China proposes set of rules for global digital currencies
China proposed a set of global rules for central bank digital currencies on Thursday, from how they can be used around the world to issues such as monitoring and information sharing.
Global central banks are looking at developing digital currencies to modernize their financial systems, ward off the threat from cryptocurrencies like bitcoin and speed up domestic and international payments. China is one of the most advanced in its effort.
Mu Changchun, director-general of the PBOC’s digital currency institute, laid out the new proposals at a Bank for International Settlements seminar.
“Interoperability should be enabled between CBDC (central bank digital currency) systems of different jurisdictions and exchange,” he said. The PBOC had shared the proposals with other central banks and monetary authorities, he said.
“Information flow and fund flows should be synchronized so as to facilitate regulators to monitor the transactions for compliance.”
As digital currencies such as bitcoin gain more traction with mainstream companies and investors, and as private efforts like the Facebook-backed Diem seek approval, the onus is on central banks to accelerate plans to issue digital cash to fend off threats to their control over money.
The PBOC is aiming to become the first major central bank to issue a CBDC, part of its push to internationalize the yuan and reduce dependence on the dollar-dominated payment system.
The European Central Bank is also exploring the introduction of a digital euro within the next five years. It’s running into opposition from Germany, where the Bundesbank worries that a digital euro could pose risks to banks.
A digital currency supplied by one central bank should not impede another central bank’s ability to carry out its mandate for monetary and financial stability.Mu Changchun, director-general of the PBOC's digital currency institute
Mu added that a key global rule should be a “fair supply of digital currencies” by world central banks to continue supporting the healthy evolution and financial stability of the international monetary system.
A “digital currency supplied by one central bank should not impede another central bank’s ability to carry out its mandate for monetary and financial stability,” he said.

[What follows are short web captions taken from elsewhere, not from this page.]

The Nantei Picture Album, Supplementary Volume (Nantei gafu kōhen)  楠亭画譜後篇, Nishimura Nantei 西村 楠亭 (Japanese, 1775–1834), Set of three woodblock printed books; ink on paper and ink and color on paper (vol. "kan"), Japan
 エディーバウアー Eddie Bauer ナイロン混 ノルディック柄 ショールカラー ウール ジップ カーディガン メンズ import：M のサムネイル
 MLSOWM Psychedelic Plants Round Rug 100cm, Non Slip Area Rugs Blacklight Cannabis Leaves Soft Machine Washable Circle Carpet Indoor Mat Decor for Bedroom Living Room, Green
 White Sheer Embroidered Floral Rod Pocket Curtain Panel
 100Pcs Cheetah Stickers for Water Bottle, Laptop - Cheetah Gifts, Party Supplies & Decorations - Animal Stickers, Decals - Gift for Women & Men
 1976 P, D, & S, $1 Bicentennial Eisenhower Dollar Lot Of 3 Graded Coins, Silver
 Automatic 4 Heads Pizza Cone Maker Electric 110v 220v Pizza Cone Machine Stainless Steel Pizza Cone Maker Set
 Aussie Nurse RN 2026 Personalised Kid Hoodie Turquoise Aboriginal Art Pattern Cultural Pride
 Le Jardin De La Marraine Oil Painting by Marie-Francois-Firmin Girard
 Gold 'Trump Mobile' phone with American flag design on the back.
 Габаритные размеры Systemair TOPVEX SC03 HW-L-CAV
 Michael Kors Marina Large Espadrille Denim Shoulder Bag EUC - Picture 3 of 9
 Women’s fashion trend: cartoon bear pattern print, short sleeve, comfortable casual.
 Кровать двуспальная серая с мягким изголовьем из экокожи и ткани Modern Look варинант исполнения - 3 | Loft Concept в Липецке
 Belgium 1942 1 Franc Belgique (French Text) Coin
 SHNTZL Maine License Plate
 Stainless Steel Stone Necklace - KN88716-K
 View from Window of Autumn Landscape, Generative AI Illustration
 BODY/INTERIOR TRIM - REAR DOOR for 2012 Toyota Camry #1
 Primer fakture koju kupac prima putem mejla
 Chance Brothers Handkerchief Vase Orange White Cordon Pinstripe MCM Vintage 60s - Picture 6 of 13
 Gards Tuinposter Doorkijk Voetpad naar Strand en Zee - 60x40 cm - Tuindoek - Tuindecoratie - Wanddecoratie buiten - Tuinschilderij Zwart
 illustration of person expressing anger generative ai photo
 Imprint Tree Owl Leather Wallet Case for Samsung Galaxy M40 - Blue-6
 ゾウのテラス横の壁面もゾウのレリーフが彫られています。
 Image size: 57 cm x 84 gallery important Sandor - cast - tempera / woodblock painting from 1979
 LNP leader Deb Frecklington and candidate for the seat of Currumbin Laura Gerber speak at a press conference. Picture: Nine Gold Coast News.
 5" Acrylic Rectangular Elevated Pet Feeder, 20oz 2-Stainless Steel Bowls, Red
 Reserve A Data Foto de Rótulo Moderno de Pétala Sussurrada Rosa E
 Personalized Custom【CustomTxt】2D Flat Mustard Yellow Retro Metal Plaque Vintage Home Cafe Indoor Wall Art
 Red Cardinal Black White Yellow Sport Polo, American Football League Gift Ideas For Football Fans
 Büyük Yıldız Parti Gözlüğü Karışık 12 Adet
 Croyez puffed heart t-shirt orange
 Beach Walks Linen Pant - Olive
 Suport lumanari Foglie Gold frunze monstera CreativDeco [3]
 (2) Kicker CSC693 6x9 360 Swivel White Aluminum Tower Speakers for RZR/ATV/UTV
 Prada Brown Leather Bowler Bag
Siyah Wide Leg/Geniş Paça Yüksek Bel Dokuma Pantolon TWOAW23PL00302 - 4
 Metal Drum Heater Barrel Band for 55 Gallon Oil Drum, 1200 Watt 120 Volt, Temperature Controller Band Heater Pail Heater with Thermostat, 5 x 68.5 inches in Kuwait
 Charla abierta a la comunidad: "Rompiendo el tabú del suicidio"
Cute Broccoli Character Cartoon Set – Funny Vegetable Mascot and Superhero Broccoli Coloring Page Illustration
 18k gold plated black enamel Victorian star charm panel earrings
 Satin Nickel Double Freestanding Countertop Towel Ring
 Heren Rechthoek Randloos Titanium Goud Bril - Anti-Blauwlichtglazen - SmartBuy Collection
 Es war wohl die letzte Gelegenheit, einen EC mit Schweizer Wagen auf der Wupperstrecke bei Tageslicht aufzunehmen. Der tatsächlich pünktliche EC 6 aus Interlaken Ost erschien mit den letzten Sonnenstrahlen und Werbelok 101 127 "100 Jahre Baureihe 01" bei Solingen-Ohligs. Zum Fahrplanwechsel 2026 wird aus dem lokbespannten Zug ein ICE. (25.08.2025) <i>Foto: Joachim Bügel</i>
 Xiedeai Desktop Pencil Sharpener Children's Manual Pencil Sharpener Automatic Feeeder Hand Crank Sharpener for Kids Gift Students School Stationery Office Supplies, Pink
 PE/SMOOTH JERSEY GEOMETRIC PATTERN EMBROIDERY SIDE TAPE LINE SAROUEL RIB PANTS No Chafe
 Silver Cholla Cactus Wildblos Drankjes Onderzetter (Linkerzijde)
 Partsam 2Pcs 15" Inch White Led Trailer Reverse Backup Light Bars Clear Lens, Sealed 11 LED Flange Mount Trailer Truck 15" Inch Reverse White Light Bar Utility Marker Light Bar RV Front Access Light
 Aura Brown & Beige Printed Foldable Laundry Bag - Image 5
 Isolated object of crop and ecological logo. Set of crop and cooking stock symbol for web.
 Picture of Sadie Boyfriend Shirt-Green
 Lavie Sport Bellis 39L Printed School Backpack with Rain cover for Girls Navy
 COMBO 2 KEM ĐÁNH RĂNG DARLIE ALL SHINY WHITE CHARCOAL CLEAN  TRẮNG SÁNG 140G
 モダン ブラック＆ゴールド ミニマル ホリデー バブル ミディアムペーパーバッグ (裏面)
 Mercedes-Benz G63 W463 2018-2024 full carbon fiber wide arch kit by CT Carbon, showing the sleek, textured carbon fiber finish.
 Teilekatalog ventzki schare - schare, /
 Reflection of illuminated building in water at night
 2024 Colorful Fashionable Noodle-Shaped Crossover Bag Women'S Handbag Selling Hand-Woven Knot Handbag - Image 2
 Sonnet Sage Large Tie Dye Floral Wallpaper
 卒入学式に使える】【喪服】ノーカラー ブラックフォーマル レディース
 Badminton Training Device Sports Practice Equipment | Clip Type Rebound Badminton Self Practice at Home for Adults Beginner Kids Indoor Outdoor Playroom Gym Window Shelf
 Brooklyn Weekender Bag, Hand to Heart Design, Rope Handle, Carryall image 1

China said separately on Thursday it would quicken pilot programs to develop its digital yuan, as it seeks to boost consumption to shore up economic growth.
Mu pointed out that retail-focused central bank digital cash could provide a key backup for widely used Chinese mobile payment methods such as Alipay and Tencent. “To provide a backup or redundancy for the retail payment system, the central bank has to step up and provide CBDC services to the retail payment market,” said Mu.
The PBOC is looking at developing digital currencies that could play a role in making domestic and international payments faster and cheaper for both large-scale and consumer transactions.
Retail payment giants such as Ant Group’s Alipay and Tencent’s WeChat Pay have become key financial infrastructure for the country, Mu said, adding that any future digital yuan would exist alongside — and not replace — such payment methods.
“Paperback notes and e-wallets will not vanish,” he said. “This process of this issuance of retail CBDC will be market-oriented approach, and they will co-exist and they will cooperate in this retail payment system.”